- Born: 1960 (age 65–66)
- Education: Georgia Institute of Technology (BS, MS)
- Known for: Electronic systems research
- Scientific career
- Workplaces: Georgia Tech Research Institute

= Joe Brooks (researcher) =

American researcher

Joseph Brooks (born 1960) is an American academic who is the deputy director of Electronics, Optics, and Systems at Georgia Tech Research Institute. He is the former director of the GTRI Electronic Systems Laboratory (ELSYS).

==Early life, education and adulthood==
Joseph Larry Brooks is the third of three children born to Charles William Brooks and Grace Mitchell Brooks of Hiram, Georgia in March 1960. Brooks attended the University of Georgia from 1978 to 1980 before transferring to the Georgia Institute of Technology, where he earned a Bachelor of Science in electrical engineering in 1982 and Master of Science in Electrical Engineering in 1986.
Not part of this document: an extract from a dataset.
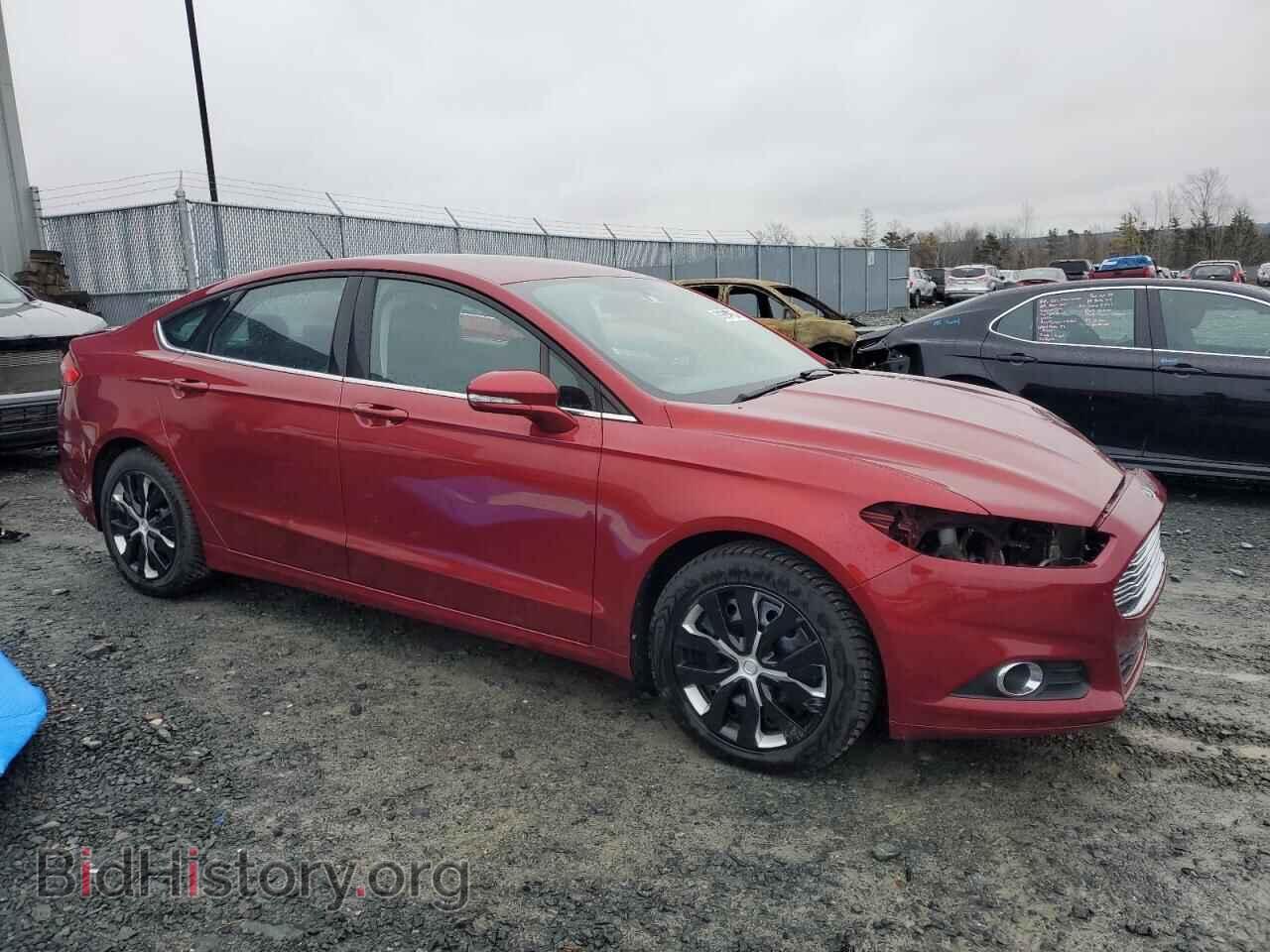 2014 FORD FUSION - VIN: 3FA6P0H78ER160731 - Фото 4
Brooks married his Kellie Williams Brooks in 1984 and they have two children.

==Career==
Brooks worked as a student assistant at the Georgia Tech Research Institute while earning his bachelor's degree, and was hired as research engineer I in 1982 once he received his bachelor's degree. He worked at GTRI full-time while earning his master's degree, in what was then known as the Systems Engineering Lab (now the Electronic Systems Laboratory).

In November 2010, the previous director of the Electronic Systems Laboratory retired, and Brooks was named interim lab director. In January 2011, he was named the director of the lab. He held this position until 2014, when he was named deputy director of the newly created Electronics, Optics, and Systems Directorate, which oversees ELSYS as well as the Electro-Optical Systems Laboratory and the Applied Systems Laboratory.